#### [Work item]
Nothing but the lines from the one containing "Седан Ford Fusion 2014 в Киеве фото" through the last line of the data below should be returned, each exactly as it stands, pictures excluded.

Excerpts from a dataset
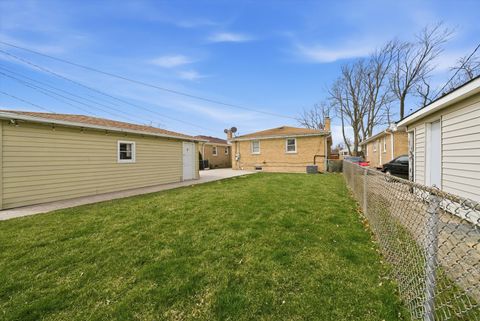 Tiny photo for 3239 Sarah Street, Franklin Park, IL 60131 (MLS # 12608587)
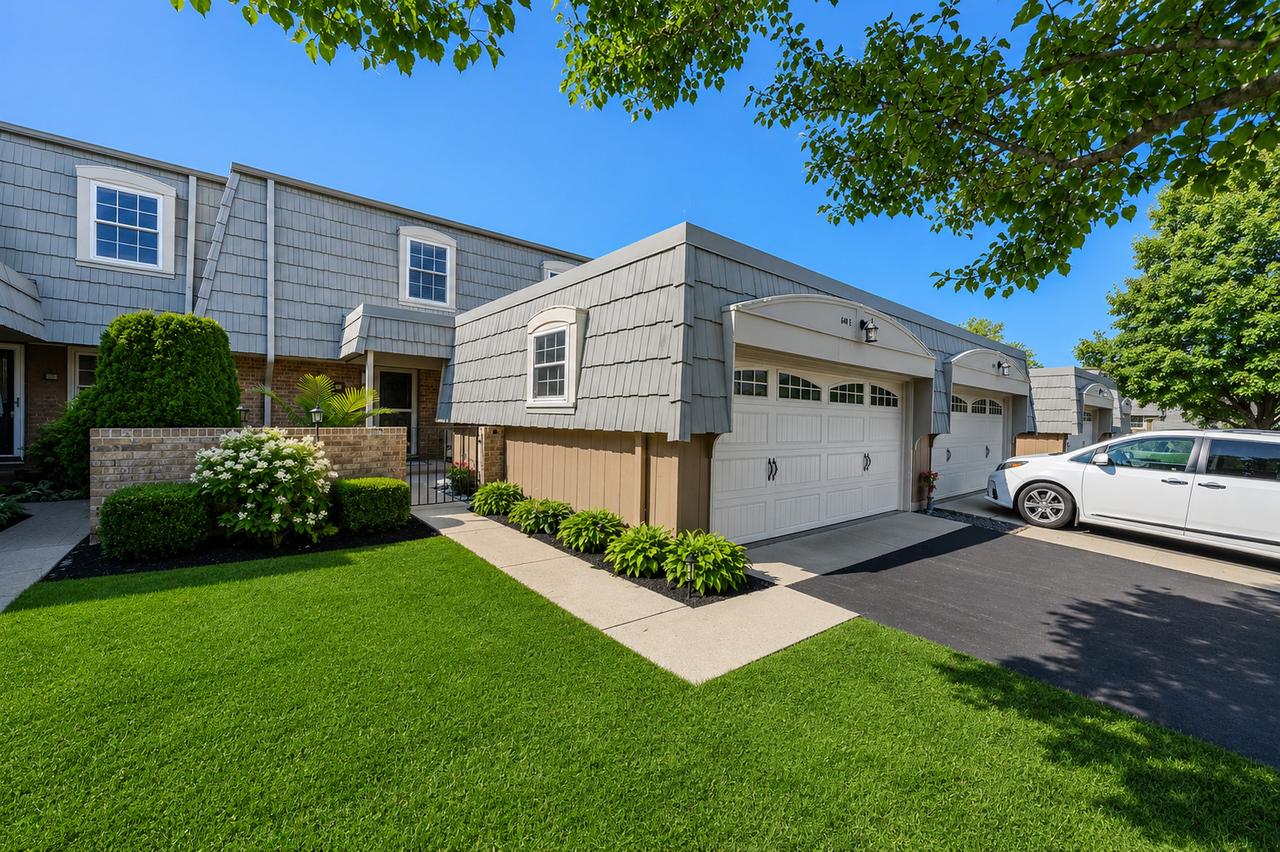 660 Versailles Cir. #E, Elk Grove Village, IL 60007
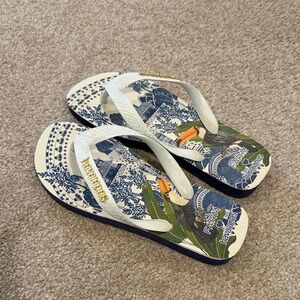 Havaianas Tropical Blue and White Flip Flops
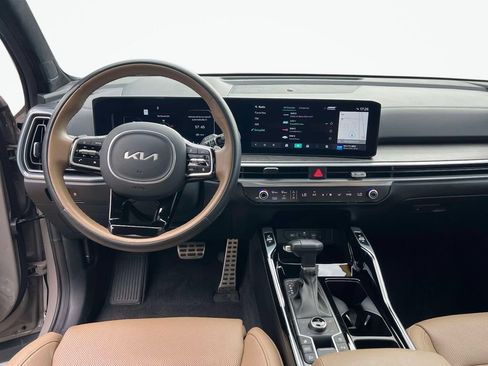 Certified 2025 Kia Sorento SX Prestige w/ Olive Brown Leather Package AWD/4WD image 13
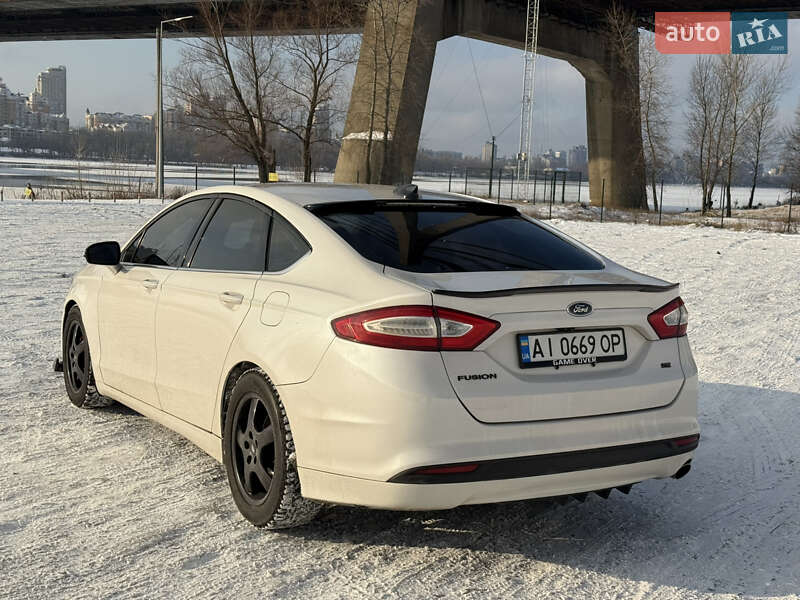 Седан Ford Fusion 2014 в Киеве фото 7 Седан Ford Fusion 2014 в Киеве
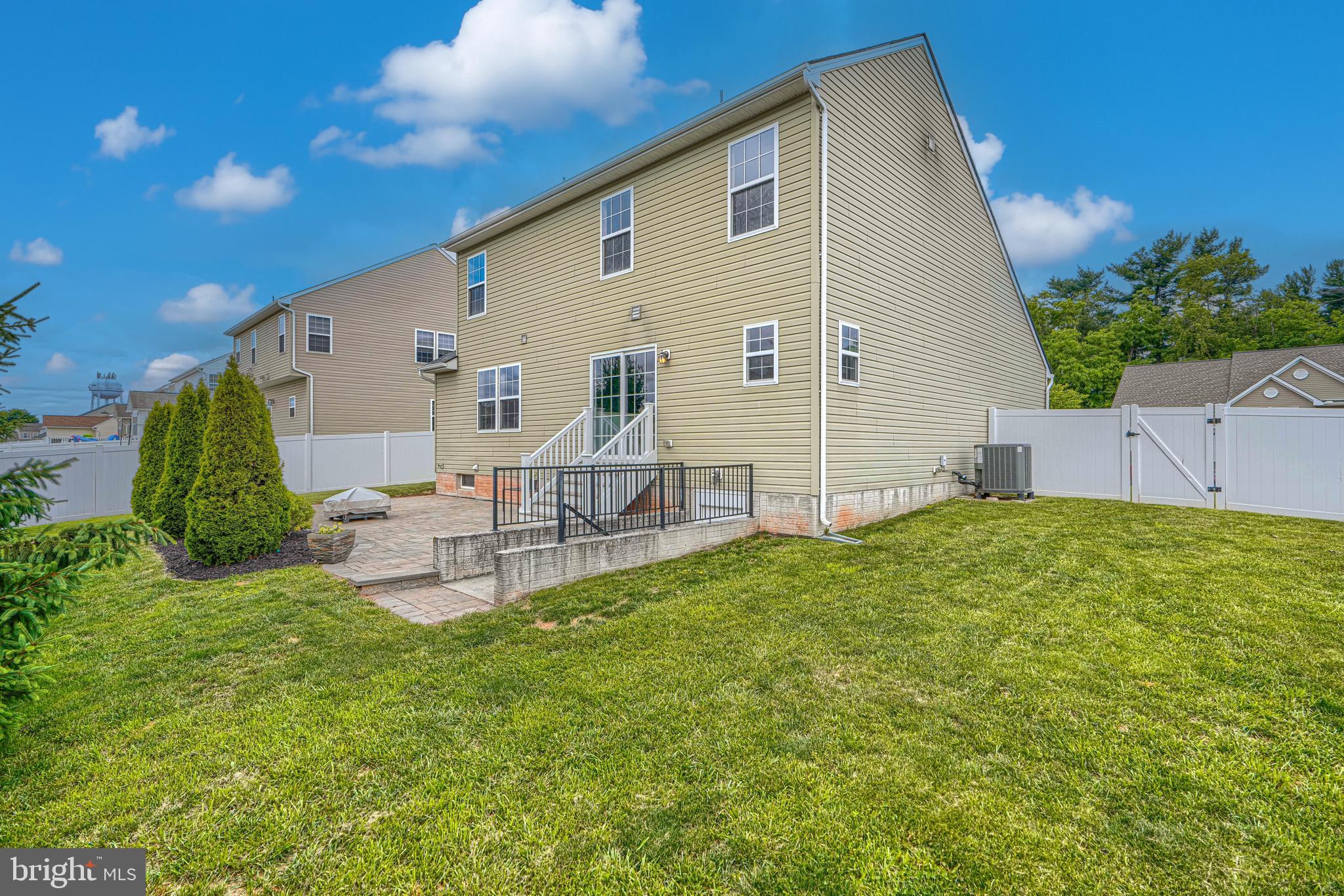 CREEKSIDE - Residential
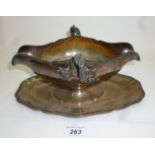 A French double lip sauce boat on fixed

#### [Task result]
 Седан Ford Fusion 2014 в Киеве фото 7 Седан Ford Fusion 2014 в Киеве
 CREEKSIDE - Residential
 A French double lip sauce boat on fixed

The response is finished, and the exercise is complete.